Negli altri lavori che definiscono il percorso espositivo Giaconia, con una logica simulacrale, agisce come un parassita: si mimetizza, passa inosservato, è inoculato all’interno di un corpo, non lascia vedere nulla di sé, opera in gran segreto. Pena, l’esclusione. Del trittico pittorico TROLL, per esempio, l’artista trolla e riassembla materiali di scena che assumono incongrue geometrie informi. Saccheti e imballi di plastica, zucche, escrescenze e tentacoli indecidibili lasciano emergere un compost visivo dissepolto in superficie. Poco distante l’opera SEXUAL CLUMSINESS (The raptile Glove) si offre allo sguardo come uno spettro che ritorna. Il suo fascino è dato dall’equivoco: è una testa che viene montata o smontata? È esfoliata o rimappata?

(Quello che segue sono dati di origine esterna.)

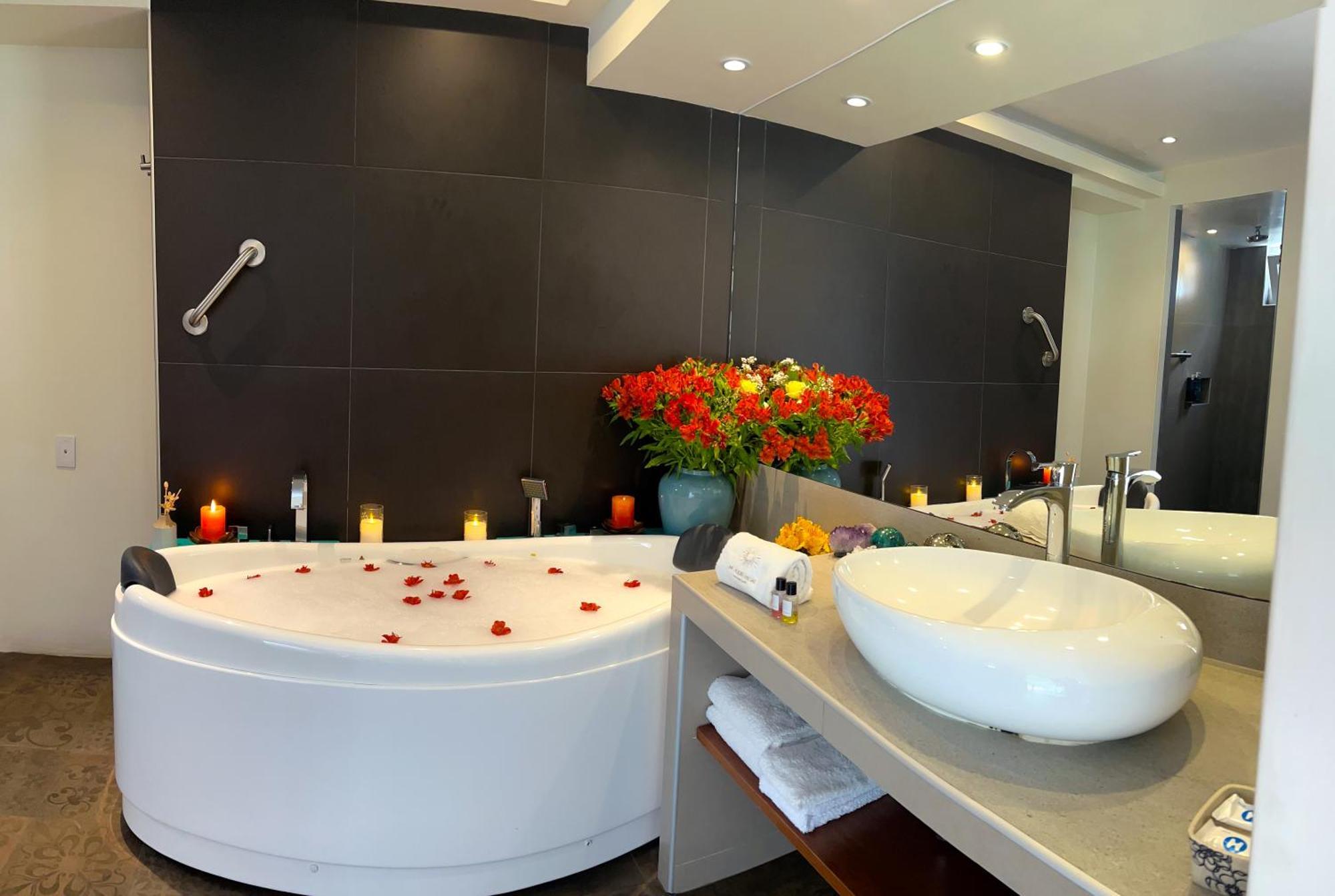 Jaya Machu Picchu Boutique Hotel Экстерьер фото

Il gesto di Giaconia crea doppie letture, ambiguità e ambivalenze. C’è sempre un ospite, c’è sempre un ospitato. Non è facilmente deducibile chi sia l’uno e chi sia l’altro. Concludono la mostra due bozzetti prototipo e una mangrovia di zucche, che condividono la speranza assurda di creare chimere, l’idea di attivare l’inanimato attraverso il vivente, alludendo alla possibilità di creare fusione tra oggetto e corpo. NEMAT-PUPPET-FROG, sono un’anteprima di studi che Giaconia sta conducendo al microscopio sui vermi: «la morfologia respingente dei nematodi scompare attraverso il loro smisurato ingrandimento, lasciandomi la sensazione di vederli brulicare affiorando dal marmo». Il titolo insiste sulla tripartizione segmentata come un insetto, di corpi specie e oggetti tassonomicamente incompatibili. Sono incipit per intrusioni di sviluppo plastico in divenire. La mangrovia al centro della sala è invece la capitolazione dell’idea di giocare con differenti scale di grandezza e di utilizzare i modelli come una sorta di progressione incontrollata. È forte, come in tutta la mostra, la presenza del parassita, che ha a che fare con l’idea della variazione, della variante costante. Per certi versi sembra assurdo e contraddittorio ma il parassita è parte stessa di un processo evolutivo.
La questione del parassita va al di là del dato biologico e degli adescamenti che Giaconia ha disseminato all’interno della mostra: il parassita è molto più esteso di quanto si possa pensare all’interno del nostro ragionamento politico, antropologico, sociale, come anche nei rapporti di comportamento. L’approccio parassitario di Oscar Giaconia ci svela l’immagine come forma pretestuosa, un galleggiante che emerge ma sottende un sommerso che è appannaggio delle tecniche, dei processi di accoppiamento tra organico e inorganico, tra biologico e sintetico, cercando di trovare un’assurda simbiosi tra due polarità apparentemente inconciliabili. «L’immagine è l’innesco primitivo di un atto predatorio che si muove al di sotto», dice l’artista.
Come un moderno alchemico Giaconia parte da sostanze che il più delle volte sono scarti di produzione per ottenere qualcosa da riattivare in vitro, in laboratorio. La scelta di usare il parassita come modello vivifica la sua inesauribile attenzione sulla possibile animazione delle sostanze, sulla possibile fusione del vivente e dell’inanimato, come dell’organico e del sintetico. Come un gioco così un’insistenza – parassitaria appunto – sull’idea di contaminare sempre e ulteriormente qualcosa di contaminato.